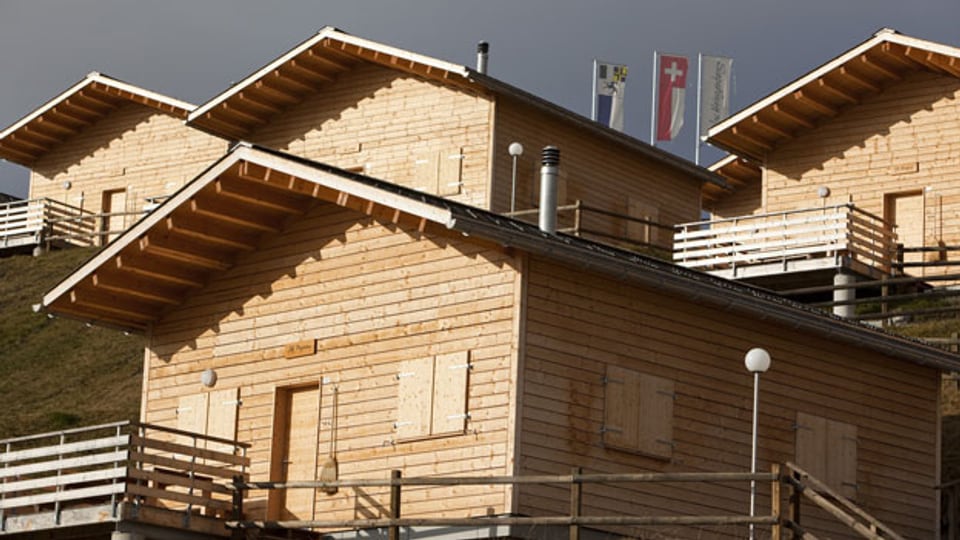 Das Maiensässdorf Aclas mit den 19 Ferienhäuser im Skigebiet Oberurmein am Heinzenberg. Das Maiensässdorf und Ferienresort Aclas der Bündner Unternehmung Grischalpin am Heinzenberg im bündnerischen Domleschg wurde im Dezember 2008 eröffnet. Langfristig sind weitere 10 Ferienresorts in Graubünden geplant.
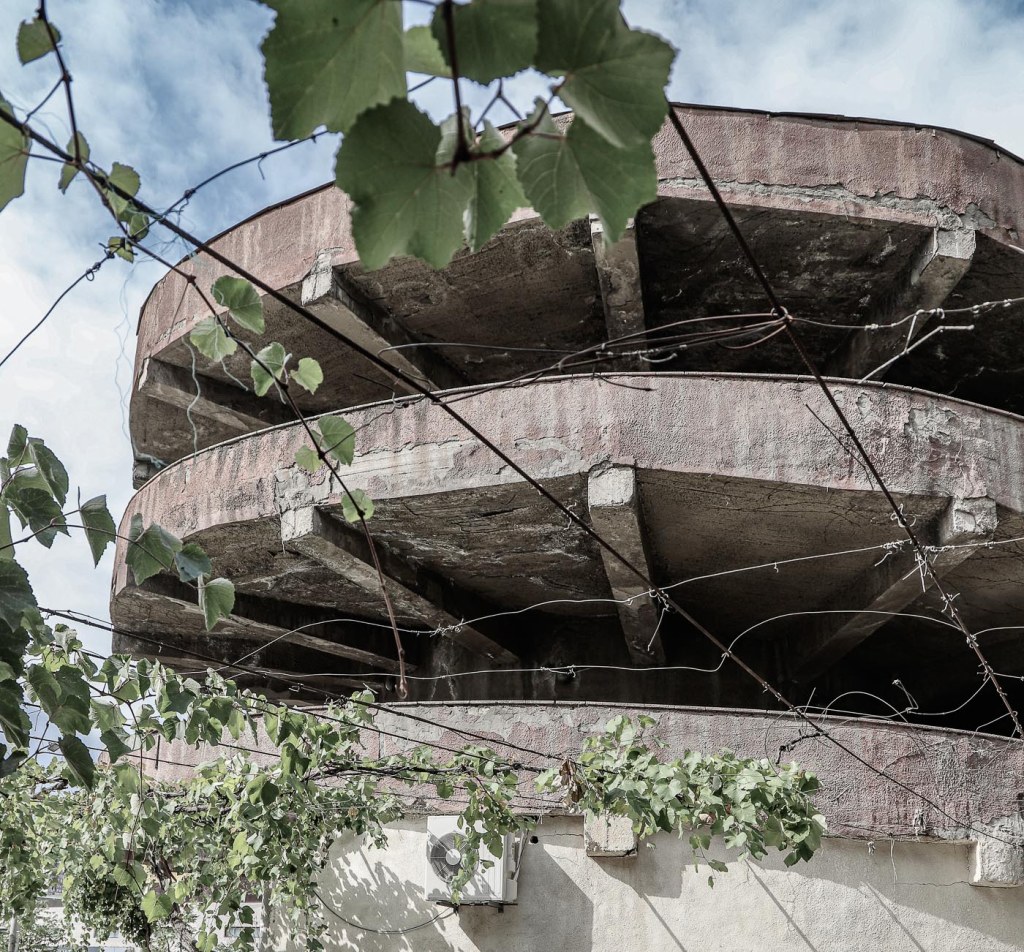 Sovjet-parkeergarage | Tbilisi | Georgië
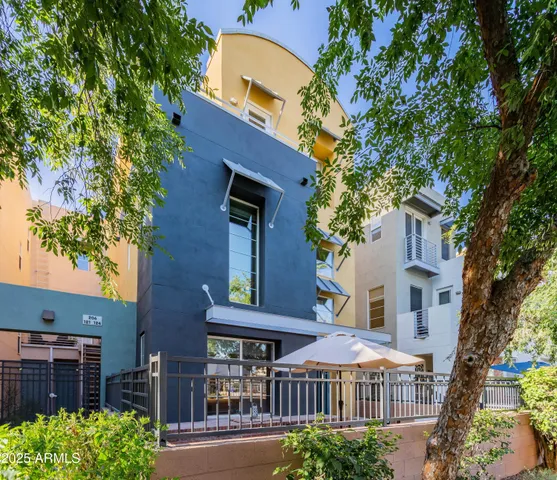 $495,000 | 706 East Washington Street, Unit 124, Phoenix, AZ 85034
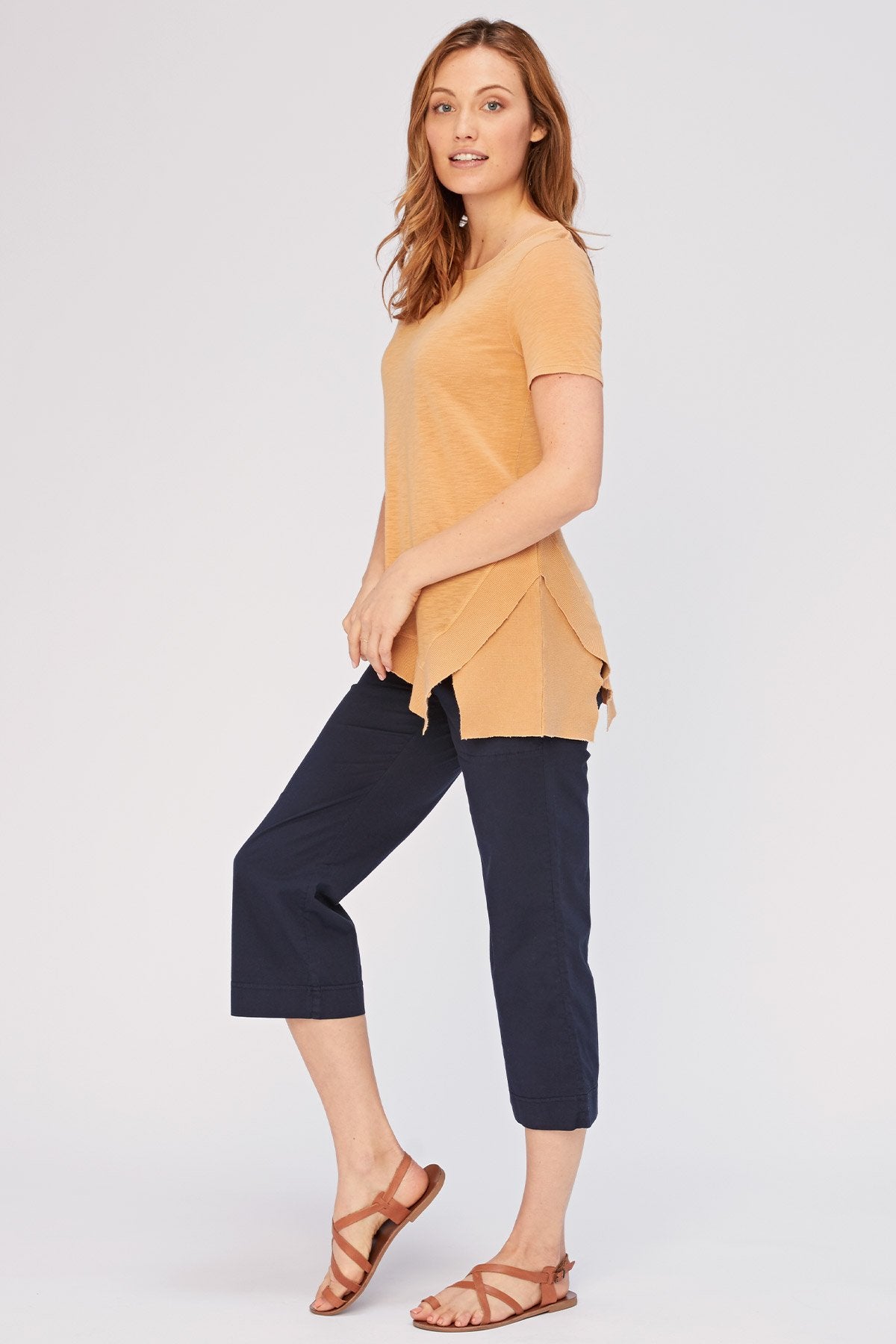 Wearables 4-Pocket Fold Over Crop 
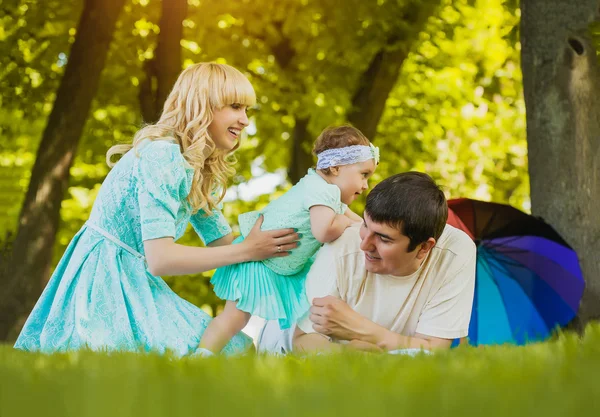 Família jovem feliz passar o tempo em um dia de verão — Fotografia de Stock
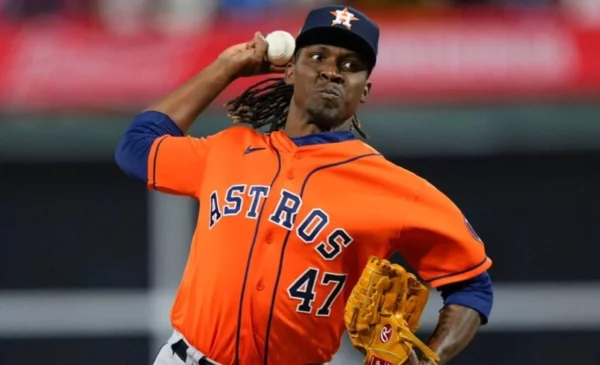 Rafael Montero busca ganarse un espacio en el cuerpo monticular de los Astros.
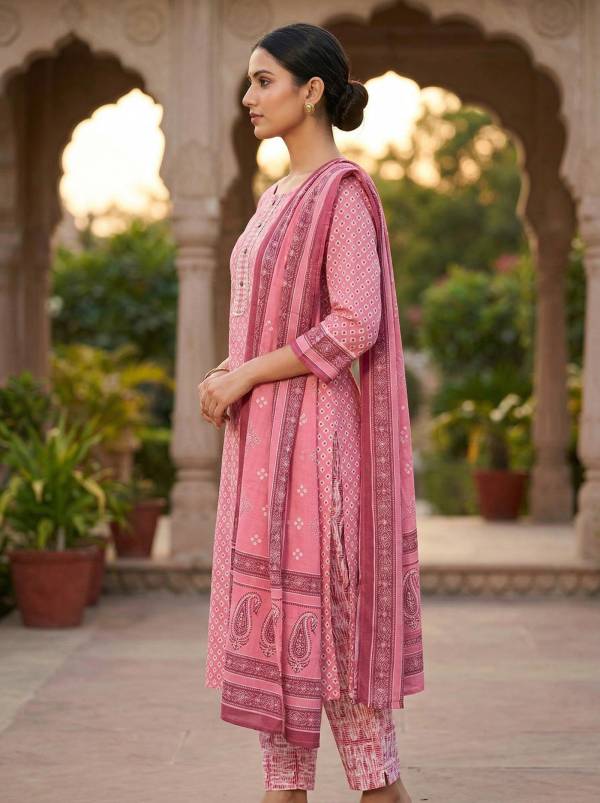 Pink Cotton Printed Kurti Pant Dupatta Set (3-Pc Set) Thumbnail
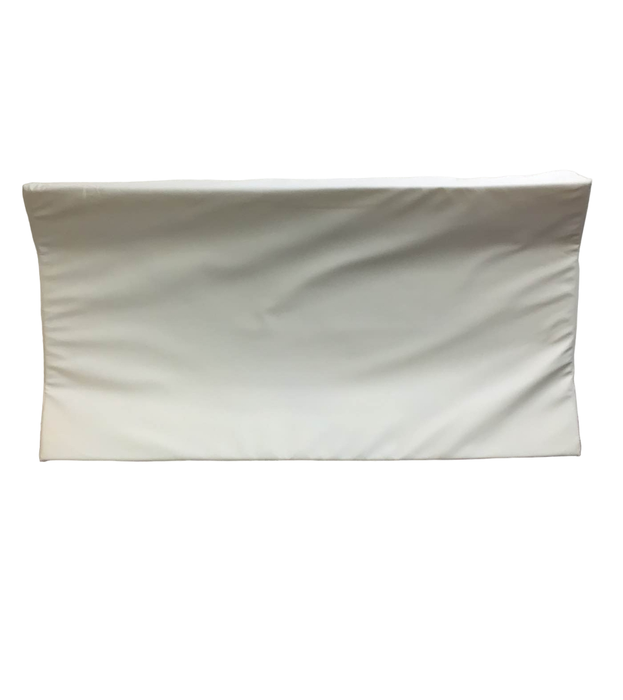 Shop Moonlight Slumber Little Dreamer Contour Changing Pad, 17"x32" at GoodBuy Gear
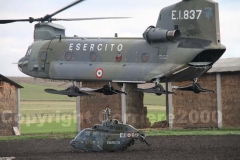 Il recupero di un Ab 206 che era crollato nei pressi di Tuscania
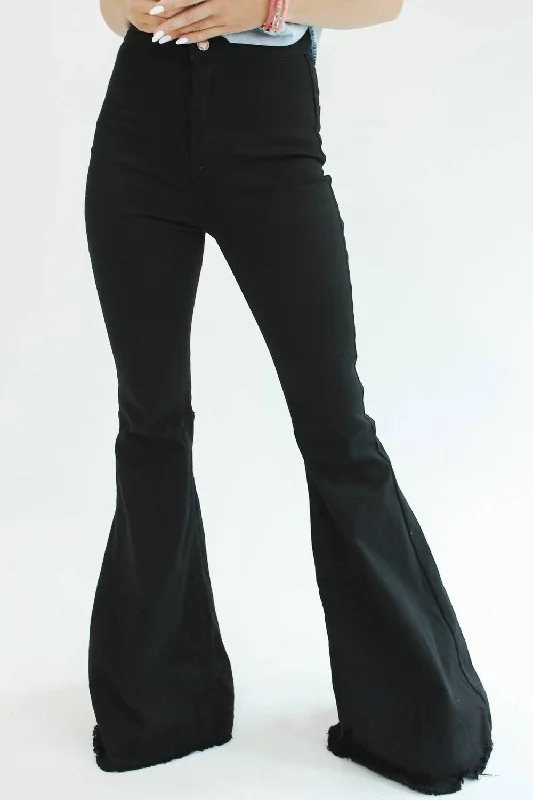 Monica Flare Jean In Black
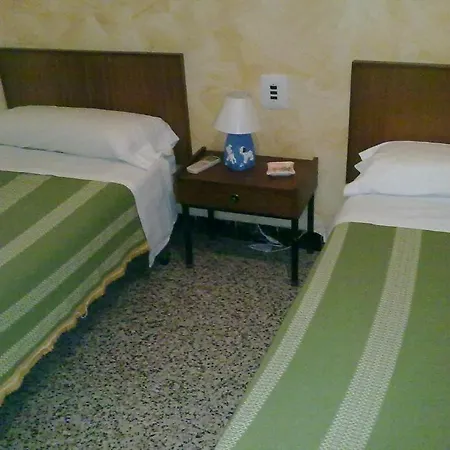 Pension Puerto Guest house *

About this exercise →
Please give back exactly, and with no pictures, the lines from where the listing above begins through the line containing "Shop Moonlight Slumber".

Answer to this task →
 Das Maiensässdorf Aclas mit den 19 Ferienhäuser im Skigebiet Oberurmein am Heinzenberg. Das Maiensässdorf und Ferienresort Aclas der Bündner Unternehmung Grischalpin am Heinzenberg im bündnerischen Domleschg wurde im Dezember 2008 eröffnet. Langfristig sind weitere 10 Ferienresorts in Graubünden geplant.
 Sovjet-parkeergarage | Tbilisi | Georgië
 $495,000 | 706 East Washington Street, Unit 124, Phoenix, AZ 85034
 Wearables 4-Pocket Fold Over Crop 
 Família jovem feliz passar o tempo em um dia de verão — Fotografia de Stock
 Rafael Montero busca ganarse un espacio en el cuerpo monticular de los Astros.
 Pink Cotton Printed Kurti Pant Dupatta Set (3-Pc Set) Thumbnail
 Shop Moonlight Slumber Little Dreamer Contour Changing Pad, 17"x32" at GoodBuy Gear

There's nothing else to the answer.